Lawmakers Rewrite Campaign Finance, Ethics Rules

Newsday — Thursday, June 10, 2004

Associated Press Writer

TRENTON, N.J. (AP) — In an attempt to police themselves, legislators Thursday voted to limit campaign contributions and tighten regulations on lobbyists and government contractors.

Lawmakers also agreed to test a system that would use tax money to pay for legislative campaigns.

"Public funding of legislative races represents a sure fire way of keeping special interests out of the elective process," said Assemblyman Joseph Roberts, D-Camden.

Voters are distressed by that money and its influence, he said.

"We have the opportunity to reverse voters' cynicism," Roberts said. "We have the ability to confront it."

Democrats pushed their package of legislation, saying it would clean up elections and control the influence of money in politics.

Most prominent is a measure that limits campaign donations from those who seek government contracts. That would end the practice of pay-to-play, which activists say allows politically connected donors access to no-bid work.

The Senate approved that bill 25-17, and also cleared 13 other related bills. Assembly members were debating the measures late Thursday. Since Democrats control both houses, they were expected to pass.

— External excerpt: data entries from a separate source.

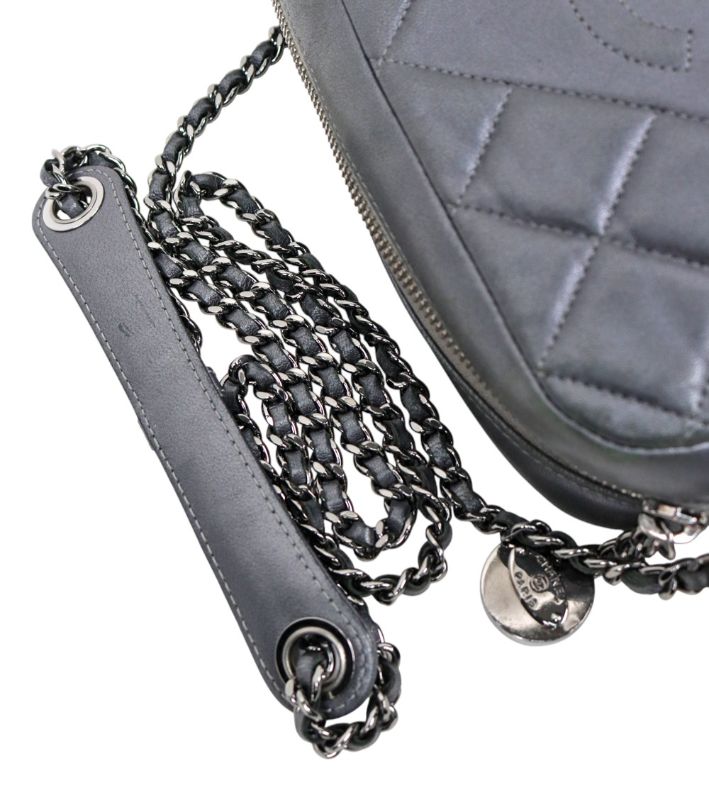 Chanel Metallic Silver Leather Camera Crossbody Bag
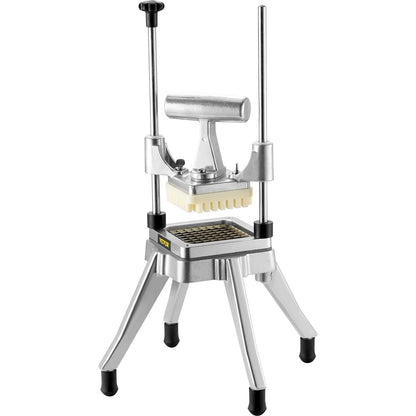Kommerzieller Gemüseschneider, Pommes-Frites-Schneider aus Edelstahl mit 4 Klingen 1/4" 3/8" 1/2", 6-Schnitt-Zerkleinerer, Zerkleinerer mit Ablage, Hochleistungsschneider für Kartoffeln, Tomaten, Zwiebeln und Pilze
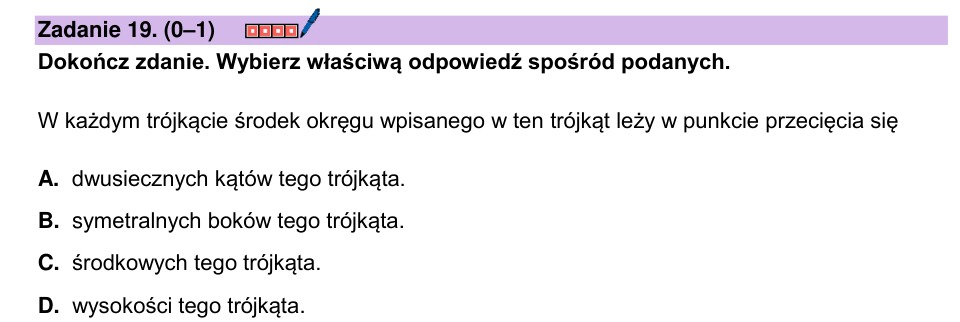 Zadanie 19: Środek okręgu wpisanego - matura matematyka 2026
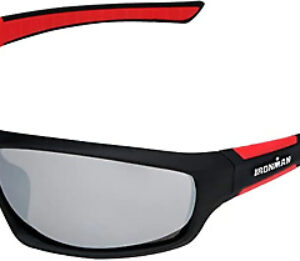 Foster Grant Sunglasses Ironman Dextro Black Wrap Frame Red Detail (N131)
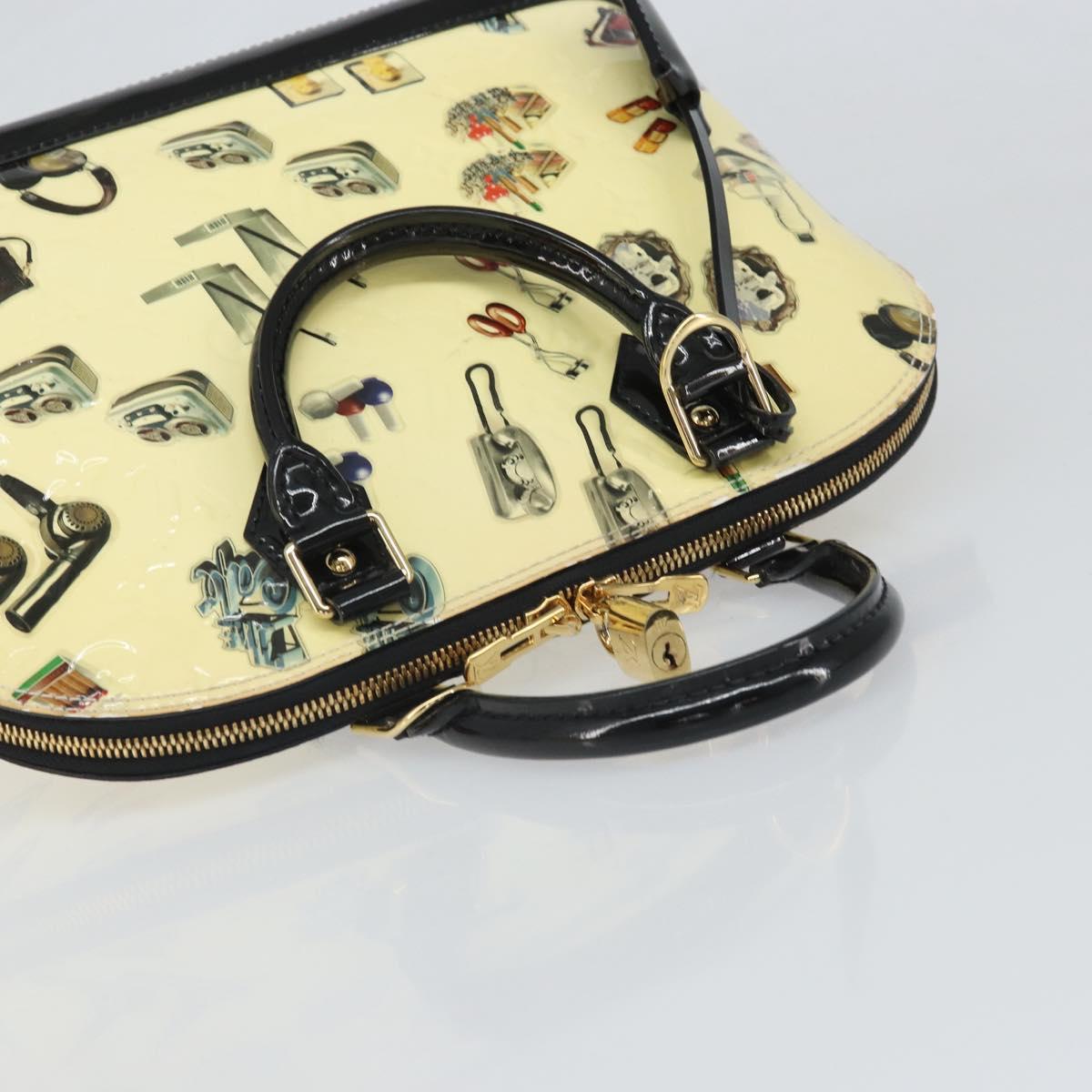 LOUIS VUITTON Vernis Sticker Print Alma PM Hand Bag White M50466 LV Auth 171045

GOP leaders, however, said the bills don't go far enough, and insisted any ethics reforms should apply to elected officials at all levels of government. Republicans have their own reform plan, but Democrats have not signed on.

"This is a sad and weak attempt to reform a practice that is rotten to the core. I again call on Governor McGreevey to fulfill his promise to the people of New Jersey and declare this dishonest bill dead on arrival," said Sen. Leonard Lance, R-Hunterdon.

Government watchdogs also have faulted the reforms, but some praised the attempt at public funding for elections.

"We're thrilled," said Steve Bonime of Citizen Action. "This is the beginning of clean elections for New Jersey, the beginning of voters who have the choice of candidates who aren't beholden to special interest donors."

Gov. James E. McGreevey pushed legislators to expand the pay-to-play bills and he wanted ethics reforms passed by July 1. The governor also demanded that lawmakers include themselves in campaign disclosure laws, another bill that passed Thursday.

Although he supports the reform efforts, McGreevey will review the measures.

"We're happy with the progress on a lot of the key points the governor has made, but were going to take a look at it," McGreevey spokesman Micah Rasmussen said.

Ethics became a hot topic last year when Republican Senate President John O. Bennett and several other lawmakers lost re-election campaigns after ethics issues were raised.

Lawmakers have talked about reforms in the past. The Assembly agreed this year to bar its members from hiring family members. The Senate last year voted to limit contracts to donors, but that measure never cleared the Assembly.